Aim of the exercise:
Your answer must be the exact lines of the listing below that run from the line with "Pet-Ag Dyne High" to the line with "PROTEK RC PTK-H-5701", ends included, and no pictures.

Entries provided:
····················
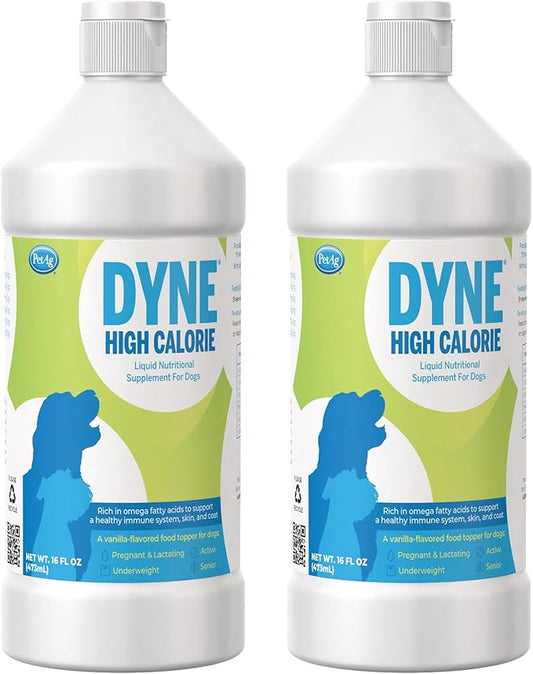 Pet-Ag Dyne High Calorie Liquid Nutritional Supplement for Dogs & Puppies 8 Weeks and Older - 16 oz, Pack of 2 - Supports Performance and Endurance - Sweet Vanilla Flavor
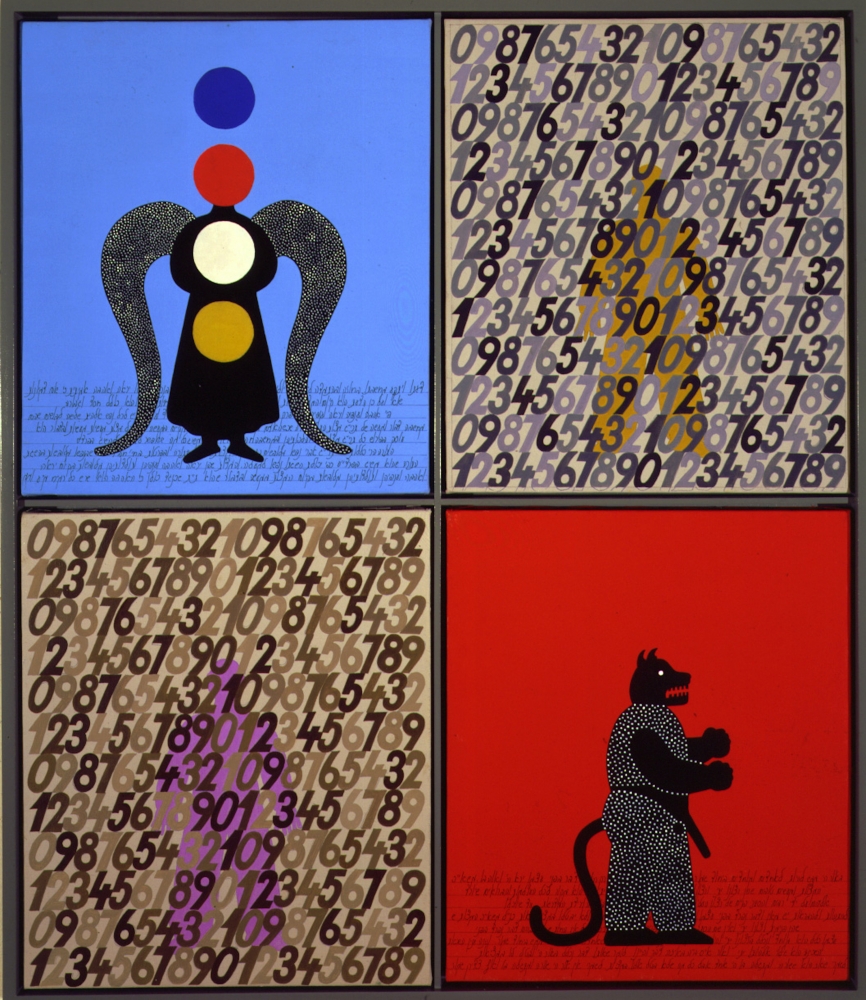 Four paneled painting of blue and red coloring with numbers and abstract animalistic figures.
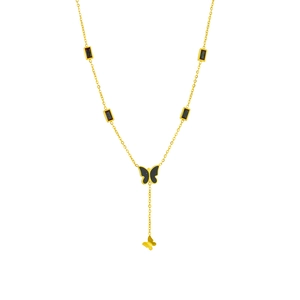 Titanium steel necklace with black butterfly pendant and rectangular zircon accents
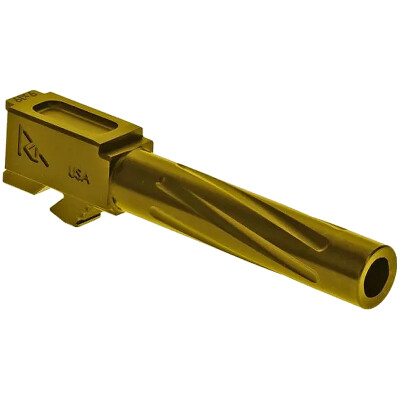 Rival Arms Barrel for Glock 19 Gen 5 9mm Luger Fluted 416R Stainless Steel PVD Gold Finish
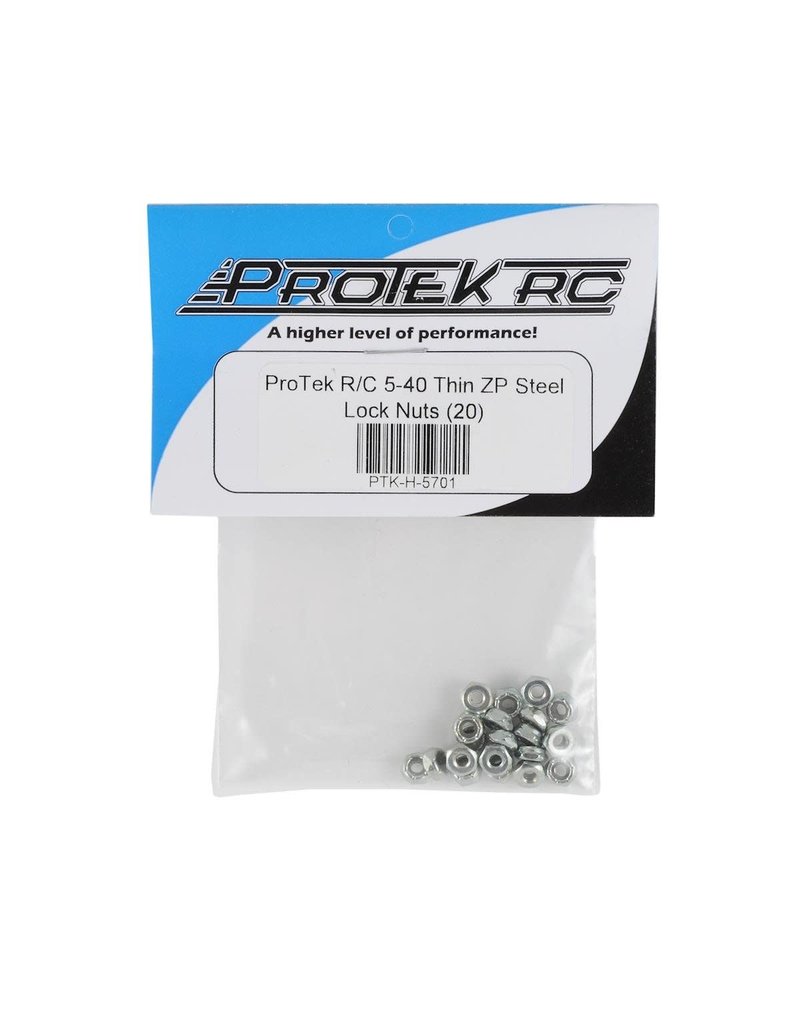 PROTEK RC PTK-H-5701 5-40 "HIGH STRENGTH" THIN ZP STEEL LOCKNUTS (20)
····················
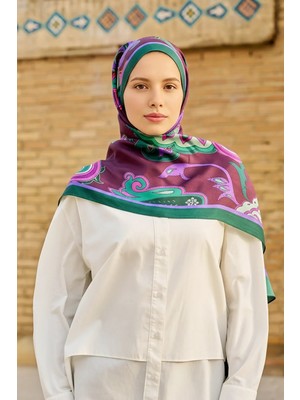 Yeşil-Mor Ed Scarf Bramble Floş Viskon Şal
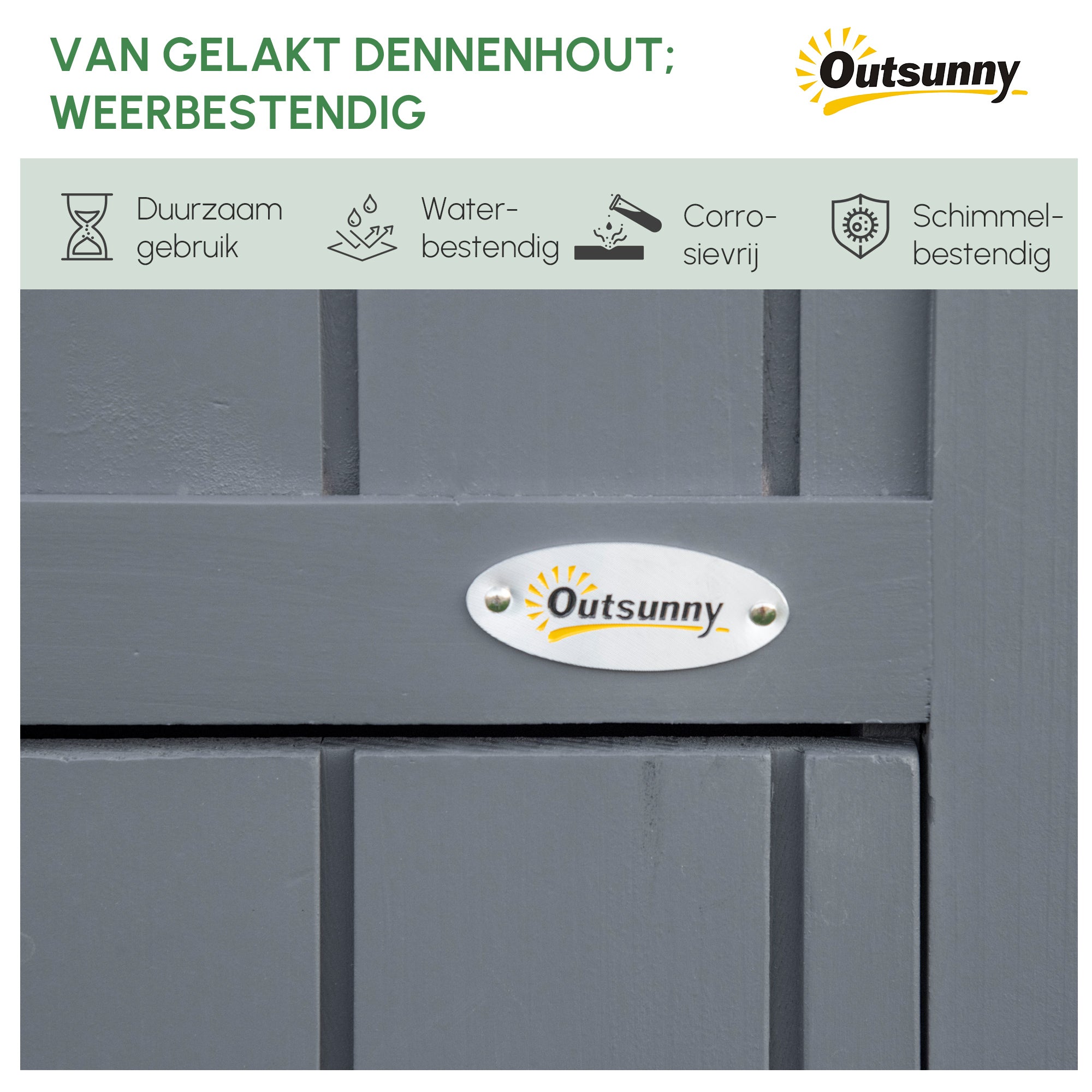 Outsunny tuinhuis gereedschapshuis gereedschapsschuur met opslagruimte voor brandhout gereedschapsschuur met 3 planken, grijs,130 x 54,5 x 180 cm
····················
Result for this exercise:
 Pet-Ag Dyne High Calorie Liquid Nutritional Supplement for Dogs & Puppies 8 Weeks and Older - 16 oz, Pack of 2 - Supports Performance and Endurance - Sweet Vanilla Flavor
 Four paneled painting of blue and red coloring with numbers and abstract animalistic figures.
 Titanium steel necklace with black butterfly pendant and rectangular zircon accents
 Rival Arms Barrel for Glock 19 Gen 5 9mm Luger Fluted 416R Stainless Steel PVD Gold Finish
 PROTEK RC PTK-H-5701 5-40 "HIGH STRENGTH" THIN ZP STEEL LOCKNUTS (20)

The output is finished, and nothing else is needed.